PROMPT: Only the lines below from the one containing "15 PIECE LOT SYNTHETIC HAIR" through the one containing "Población China disminuirá antes de 2025" belong in the answer, set down exactly, with the pictures left out.

DATASET ENTRIES:
Start of Block

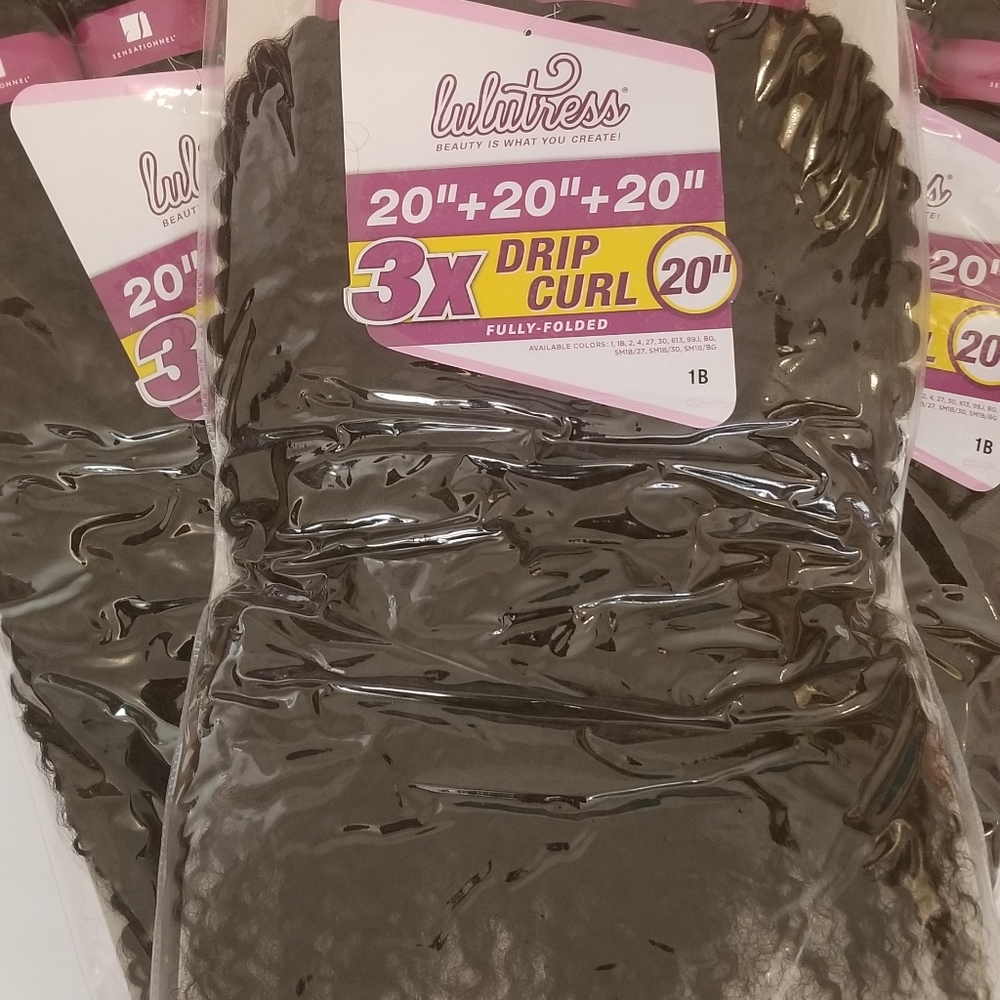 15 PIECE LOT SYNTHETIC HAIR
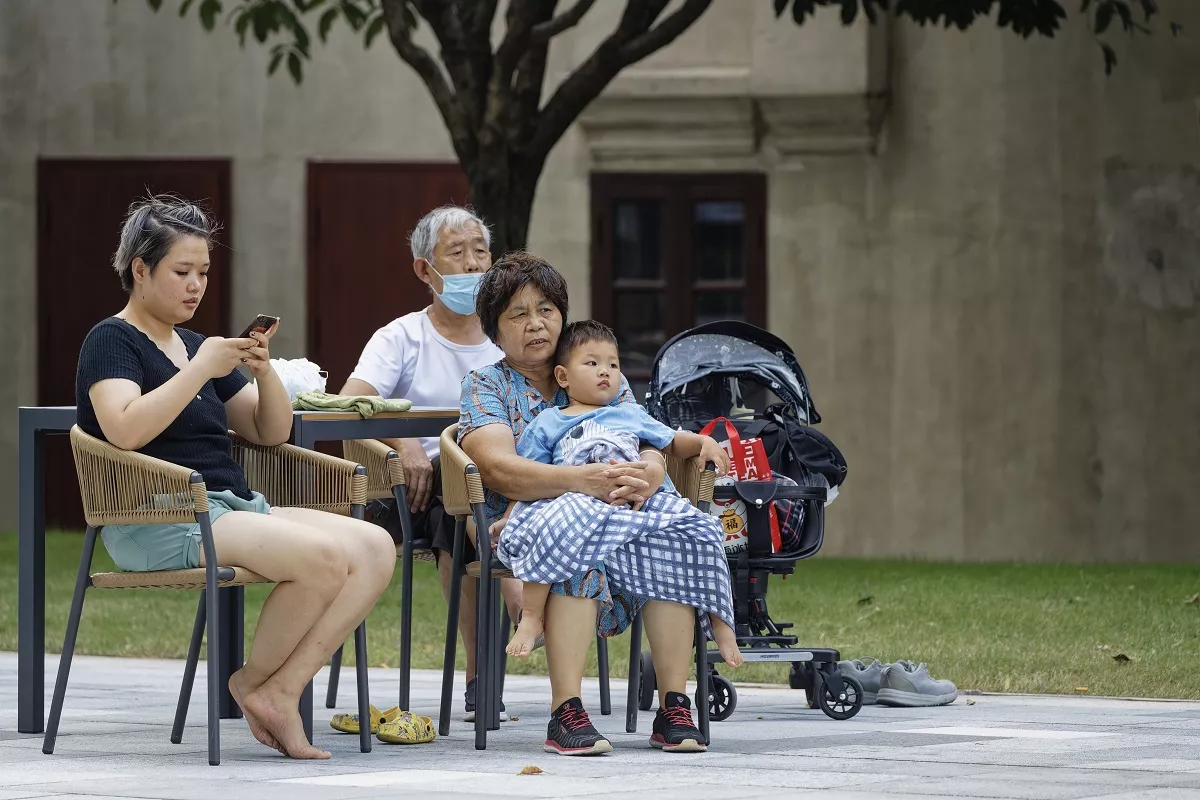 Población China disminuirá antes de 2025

End of Block
Start of Block

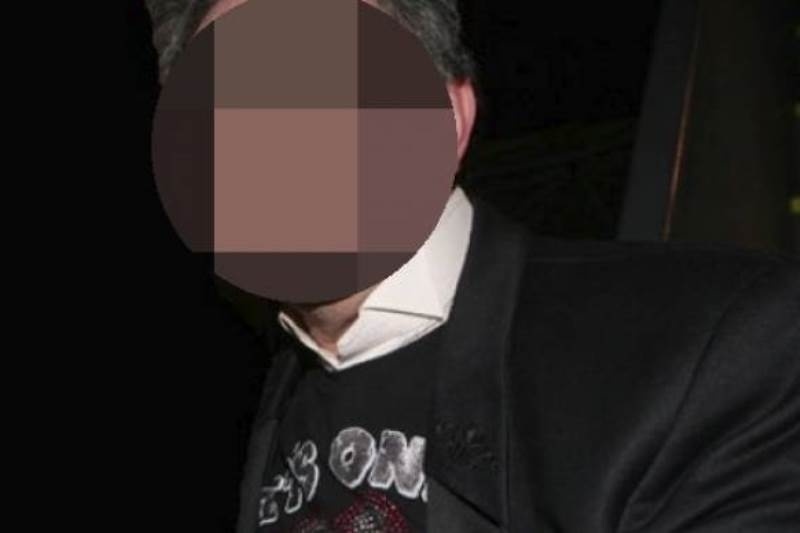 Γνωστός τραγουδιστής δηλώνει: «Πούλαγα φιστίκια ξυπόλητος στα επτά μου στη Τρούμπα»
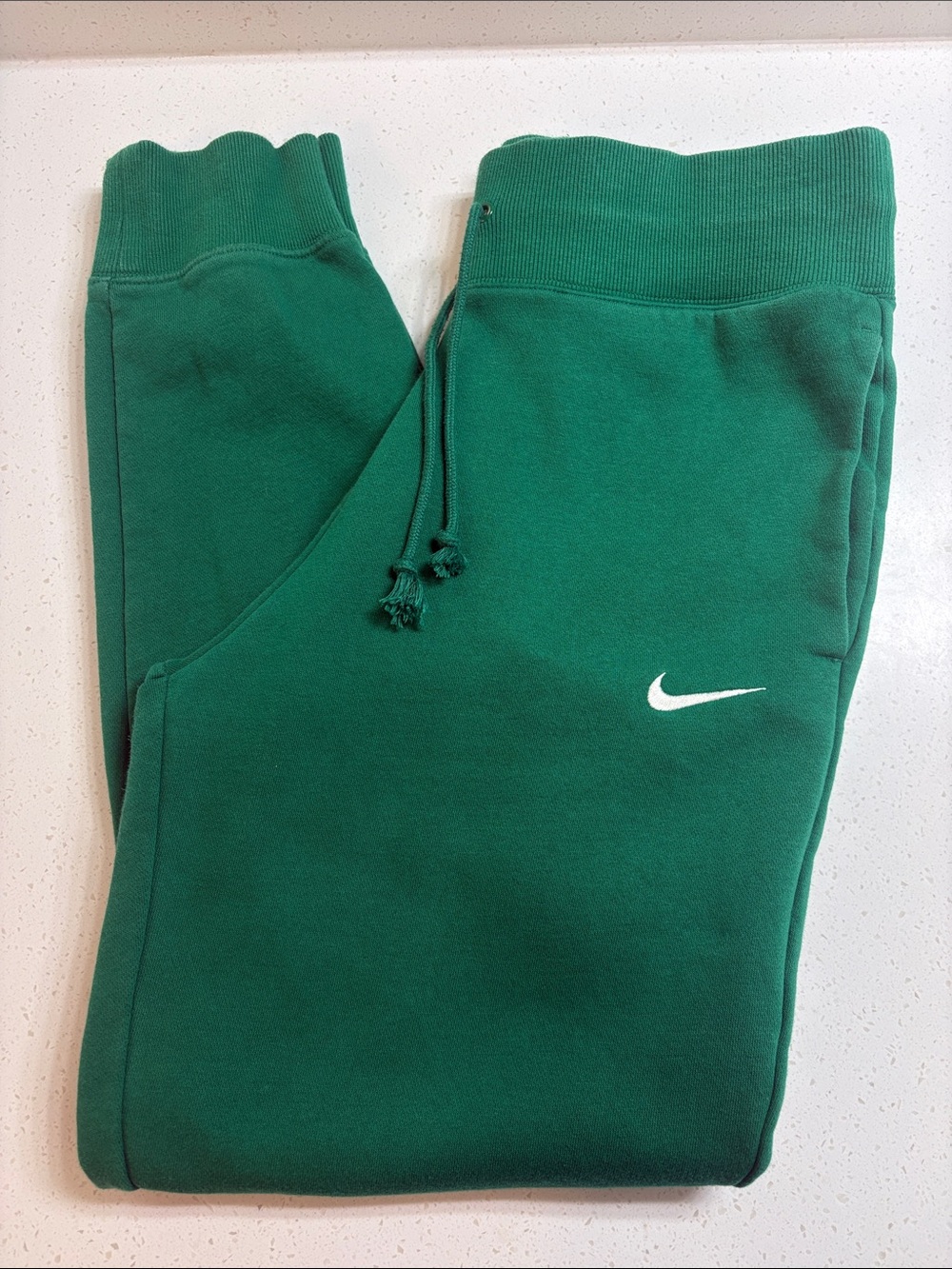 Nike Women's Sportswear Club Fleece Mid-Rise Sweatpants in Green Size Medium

End of Block
Start of Block

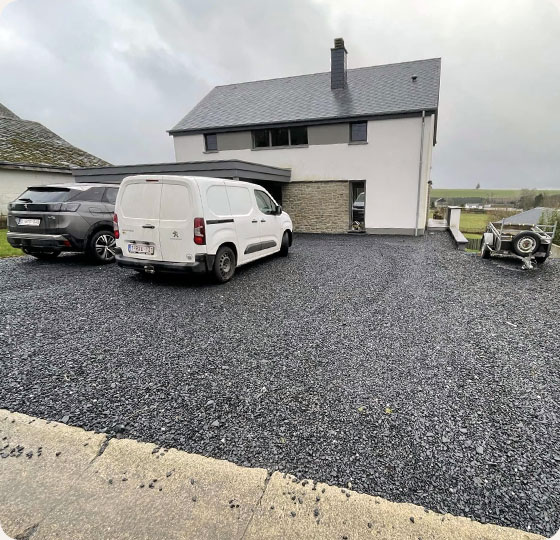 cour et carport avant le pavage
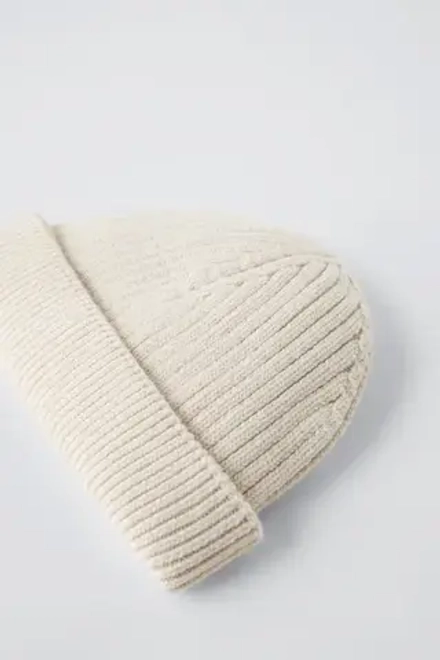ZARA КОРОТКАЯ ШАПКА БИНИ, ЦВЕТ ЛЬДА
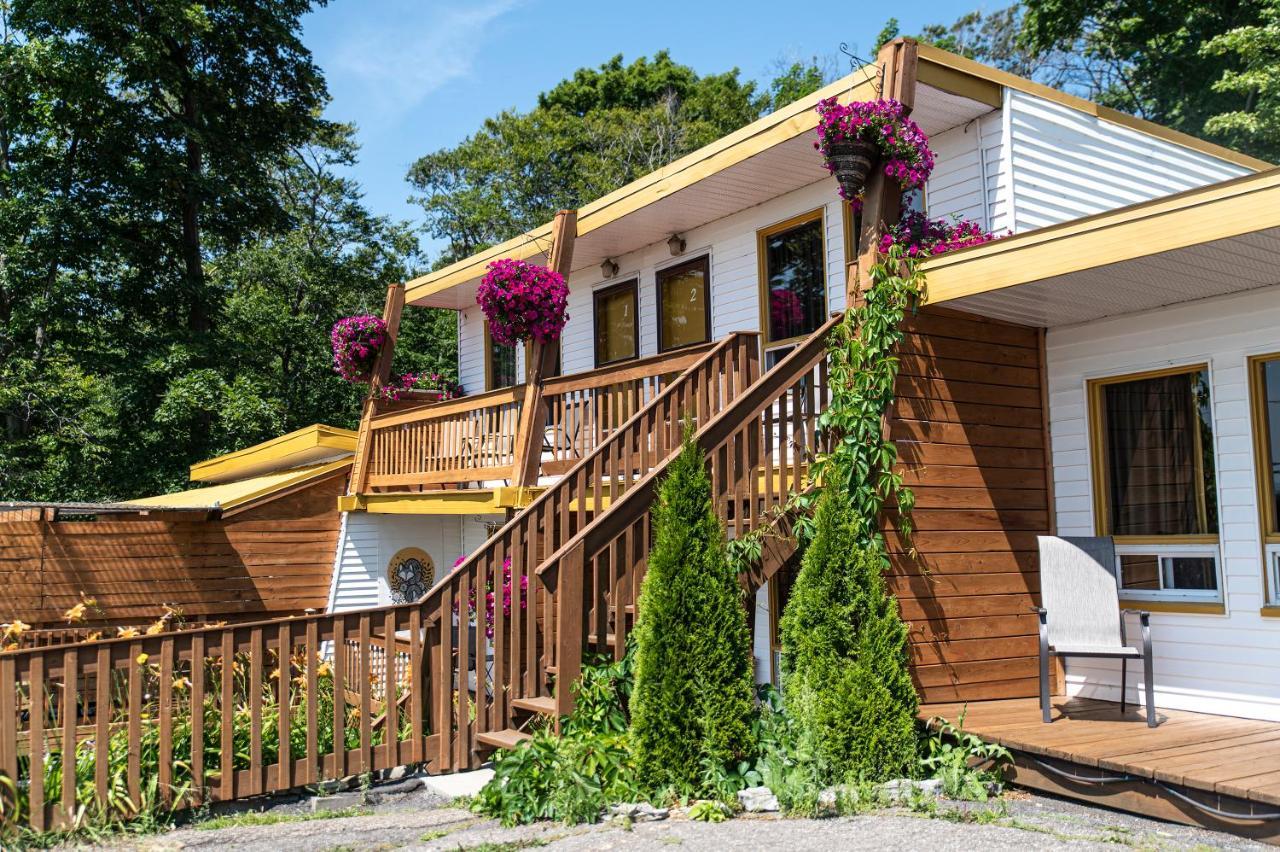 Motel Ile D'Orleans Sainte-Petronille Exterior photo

End of Block

OUTPUT FOR THIS EXERCISE:
 15 PIECE LOT SYNTHETIC HAIR
 Población China disminuirá antes de 2025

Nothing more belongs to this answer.